Data center boom threatens western US resources

A surge in data centers across the western United States is driving up electricity and water demands, potentially increasing consumer bills and hindering climate goals. A new report from Western Resource Advocates warns that without stronger regulations, households could bear the financial and environmental costs. The boom risks extending fossil fuel use and straining water supplies in arid regions.

Data centers are proliferating from Phoenix to Colorado’s Front Range, with new facilities expected in Arizona, Colorado, Nevada, New Mexico, and Utah. According to a report by the Western Resource Advocates (WRA), this growth could boost the Interior West’s electricity demand by 55 percent by 2035. The scale is immense: planned data centers will require enough power each year to supply 25 cities the size of Las Vegas within the next decade, says Deborah Kapiloff, a WRA clean energy policy advisor and report co-author.

Energy demands threaten decarbonization efforts. NV Energy, Nevada’s primary utility, now projects a 53 percent rise in carbon emissions over 2022 estimates due to data center expansion. In Colorado, utilities may need to double power production within five years, according to John Gavan, a former Colorado Public Utility Commission member. “The scale here is mind-boggling,” Gavan says. “A single hyperscale data center could consume 10 percent or more of the entire state’s load.”

Consumers face higher bills as utilities spread infrastructure costs across all users. Joseph Pereira, deputy director at the Colorado Office of the Utility Consumer Advocate, warns of 30 to 50 percent rate hikes for households, potentially doubling or tripling long-term. “If we build the infrastructure and then data center loads don’t show up, somebody is left holding the bag (for the costs),” Pereira says. “Today, that’s existing customers.” Kapiloff adds, “When the customer is this large, the old assumption that ‘growth helps everyone’ doesn’t hold.”

Water use adds pressure in water-stressed areas. In Nevada, proposed data centers could consume 4.5 billion gallons in 2030, rising to 7 billion by 2035—enough for nearly 200,000 people. Near Tucson, Arizona’s Project Blue has sparked controversy, with initial plans demanding “millions upon millions of gallons,” per Pima County Supervisor Jennifer Allen. Community backlash led to a redesign claiming minimal water use, though documentation is lacking. “We have a lack of information about how much total water data centers are using—it’s a big black box,” Kapiloff notes.

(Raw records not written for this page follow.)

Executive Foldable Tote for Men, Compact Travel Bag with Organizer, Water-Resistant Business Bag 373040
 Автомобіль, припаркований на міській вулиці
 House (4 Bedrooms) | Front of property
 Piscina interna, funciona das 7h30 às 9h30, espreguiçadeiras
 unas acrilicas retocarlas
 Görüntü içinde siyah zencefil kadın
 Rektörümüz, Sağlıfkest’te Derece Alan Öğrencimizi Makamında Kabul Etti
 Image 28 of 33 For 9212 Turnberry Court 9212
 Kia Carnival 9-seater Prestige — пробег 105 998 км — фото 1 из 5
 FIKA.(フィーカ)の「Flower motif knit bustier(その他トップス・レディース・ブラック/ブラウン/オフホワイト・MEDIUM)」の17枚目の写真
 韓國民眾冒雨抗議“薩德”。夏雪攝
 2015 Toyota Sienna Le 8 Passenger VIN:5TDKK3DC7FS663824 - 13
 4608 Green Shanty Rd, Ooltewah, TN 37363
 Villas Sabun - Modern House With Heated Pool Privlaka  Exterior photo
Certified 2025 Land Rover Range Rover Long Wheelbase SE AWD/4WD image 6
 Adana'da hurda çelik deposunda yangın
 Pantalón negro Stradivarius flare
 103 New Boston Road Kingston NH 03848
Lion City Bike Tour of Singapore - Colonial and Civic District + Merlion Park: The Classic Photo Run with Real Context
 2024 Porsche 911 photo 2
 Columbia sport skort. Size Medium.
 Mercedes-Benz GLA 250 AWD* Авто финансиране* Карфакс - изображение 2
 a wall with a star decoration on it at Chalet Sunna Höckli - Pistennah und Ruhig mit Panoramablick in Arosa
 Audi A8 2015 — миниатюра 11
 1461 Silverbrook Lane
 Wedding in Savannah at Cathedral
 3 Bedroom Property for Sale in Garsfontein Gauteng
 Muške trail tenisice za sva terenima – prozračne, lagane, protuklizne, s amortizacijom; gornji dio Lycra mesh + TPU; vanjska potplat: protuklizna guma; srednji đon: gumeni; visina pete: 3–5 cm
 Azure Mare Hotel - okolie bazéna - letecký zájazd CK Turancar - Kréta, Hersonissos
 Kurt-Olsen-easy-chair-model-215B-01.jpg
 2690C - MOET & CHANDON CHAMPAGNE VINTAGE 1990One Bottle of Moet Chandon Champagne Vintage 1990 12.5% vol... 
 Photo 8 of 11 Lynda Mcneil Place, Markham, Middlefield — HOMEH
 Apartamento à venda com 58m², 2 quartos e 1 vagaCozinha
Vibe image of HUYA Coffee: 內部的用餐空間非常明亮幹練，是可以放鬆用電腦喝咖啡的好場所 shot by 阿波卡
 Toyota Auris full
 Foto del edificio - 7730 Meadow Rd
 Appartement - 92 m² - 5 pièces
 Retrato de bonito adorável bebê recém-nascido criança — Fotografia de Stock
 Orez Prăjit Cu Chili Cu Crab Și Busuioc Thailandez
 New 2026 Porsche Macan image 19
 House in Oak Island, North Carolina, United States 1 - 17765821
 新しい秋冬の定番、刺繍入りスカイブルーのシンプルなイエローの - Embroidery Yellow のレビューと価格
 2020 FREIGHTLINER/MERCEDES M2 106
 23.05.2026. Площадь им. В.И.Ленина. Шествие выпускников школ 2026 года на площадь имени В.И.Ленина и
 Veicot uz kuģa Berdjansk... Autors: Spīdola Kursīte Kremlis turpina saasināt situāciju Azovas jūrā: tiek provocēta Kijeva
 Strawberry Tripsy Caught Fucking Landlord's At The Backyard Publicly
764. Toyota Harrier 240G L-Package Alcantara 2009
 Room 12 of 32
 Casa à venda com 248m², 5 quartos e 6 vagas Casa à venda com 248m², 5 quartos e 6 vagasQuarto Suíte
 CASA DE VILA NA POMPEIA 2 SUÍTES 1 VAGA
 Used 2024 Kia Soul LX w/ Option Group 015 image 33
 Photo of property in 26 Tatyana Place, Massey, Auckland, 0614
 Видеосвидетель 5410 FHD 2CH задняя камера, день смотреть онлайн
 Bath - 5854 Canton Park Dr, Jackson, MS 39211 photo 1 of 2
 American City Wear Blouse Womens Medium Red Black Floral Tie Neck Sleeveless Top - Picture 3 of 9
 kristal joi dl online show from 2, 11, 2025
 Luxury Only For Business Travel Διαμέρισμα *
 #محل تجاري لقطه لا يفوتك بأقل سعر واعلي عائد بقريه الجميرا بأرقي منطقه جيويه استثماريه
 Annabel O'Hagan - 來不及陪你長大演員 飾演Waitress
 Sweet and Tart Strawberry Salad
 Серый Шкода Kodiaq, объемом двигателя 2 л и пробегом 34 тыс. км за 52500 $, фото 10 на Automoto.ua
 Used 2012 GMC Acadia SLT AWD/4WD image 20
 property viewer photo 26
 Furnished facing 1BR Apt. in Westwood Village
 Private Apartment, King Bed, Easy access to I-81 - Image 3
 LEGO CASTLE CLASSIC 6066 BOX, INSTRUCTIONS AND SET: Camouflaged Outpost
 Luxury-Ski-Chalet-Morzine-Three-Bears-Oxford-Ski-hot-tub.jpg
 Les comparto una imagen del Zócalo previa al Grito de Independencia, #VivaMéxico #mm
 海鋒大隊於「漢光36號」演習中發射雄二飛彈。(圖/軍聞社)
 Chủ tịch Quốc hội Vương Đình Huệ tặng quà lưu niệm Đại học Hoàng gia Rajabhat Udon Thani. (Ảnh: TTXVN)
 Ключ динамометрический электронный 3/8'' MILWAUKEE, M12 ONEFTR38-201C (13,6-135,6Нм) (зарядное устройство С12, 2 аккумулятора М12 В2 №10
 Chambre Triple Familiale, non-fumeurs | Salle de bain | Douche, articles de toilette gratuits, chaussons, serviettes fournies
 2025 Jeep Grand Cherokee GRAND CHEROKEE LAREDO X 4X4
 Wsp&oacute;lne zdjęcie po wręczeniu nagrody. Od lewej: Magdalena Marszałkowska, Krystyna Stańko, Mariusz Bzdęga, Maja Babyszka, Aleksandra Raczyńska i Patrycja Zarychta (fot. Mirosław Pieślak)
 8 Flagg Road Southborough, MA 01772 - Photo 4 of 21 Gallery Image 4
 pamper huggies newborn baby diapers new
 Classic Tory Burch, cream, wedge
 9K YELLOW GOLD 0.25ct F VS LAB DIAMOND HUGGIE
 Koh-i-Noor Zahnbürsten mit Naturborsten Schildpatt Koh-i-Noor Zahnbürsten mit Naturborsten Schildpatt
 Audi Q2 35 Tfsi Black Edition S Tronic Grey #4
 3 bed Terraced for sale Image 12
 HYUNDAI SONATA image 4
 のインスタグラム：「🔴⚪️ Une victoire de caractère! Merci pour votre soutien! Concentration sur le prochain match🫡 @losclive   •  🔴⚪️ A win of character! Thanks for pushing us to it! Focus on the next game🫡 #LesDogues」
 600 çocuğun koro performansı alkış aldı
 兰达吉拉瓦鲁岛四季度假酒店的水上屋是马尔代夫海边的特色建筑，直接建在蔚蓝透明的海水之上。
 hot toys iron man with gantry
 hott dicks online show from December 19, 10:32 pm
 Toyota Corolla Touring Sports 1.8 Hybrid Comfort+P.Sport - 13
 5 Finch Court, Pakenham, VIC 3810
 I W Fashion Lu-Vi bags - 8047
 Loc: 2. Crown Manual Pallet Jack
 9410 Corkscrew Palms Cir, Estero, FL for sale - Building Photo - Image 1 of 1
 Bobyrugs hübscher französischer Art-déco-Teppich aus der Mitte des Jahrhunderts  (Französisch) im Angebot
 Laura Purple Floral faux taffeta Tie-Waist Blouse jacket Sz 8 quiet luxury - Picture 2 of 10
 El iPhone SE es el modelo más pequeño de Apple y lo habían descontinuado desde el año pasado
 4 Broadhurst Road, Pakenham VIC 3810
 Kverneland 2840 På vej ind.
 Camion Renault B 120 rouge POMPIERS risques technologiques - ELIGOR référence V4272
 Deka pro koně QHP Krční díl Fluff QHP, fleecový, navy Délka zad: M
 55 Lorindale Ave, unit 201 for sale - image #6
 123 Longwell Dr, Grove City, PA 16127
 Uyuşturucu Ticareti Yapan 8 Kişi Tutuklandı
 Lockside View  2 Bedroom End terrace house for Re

Secrecy hampers oversight. For Project Blue’s first phase, NDAs blocked Pima County supervisors from full details, says Allen: “Shrouded in secrecy was the game.” Advocate Allegra Jordan stresses informed consent: “The moral issue is whether or not people should have consent in whether or not their power bills go up, or how their water is being used.”

In response, Pima County added safeguards like NDA limits and a public “sunshine period” before votes. WRA suggests energy-efficiency mandates, ending tax incentives, and prioritizing renewables. Tools include specialized rates for large users and clean transition tariffs. European examples, like Finland’s data centers heating 100,000 homes, offer models. As Kapiloff concludes, “When you have some of the most highly capitalized corporations in the world building these data centers, does it make sense to have that cost be borne by everyday folks? I think the answer to that is a resounding no.”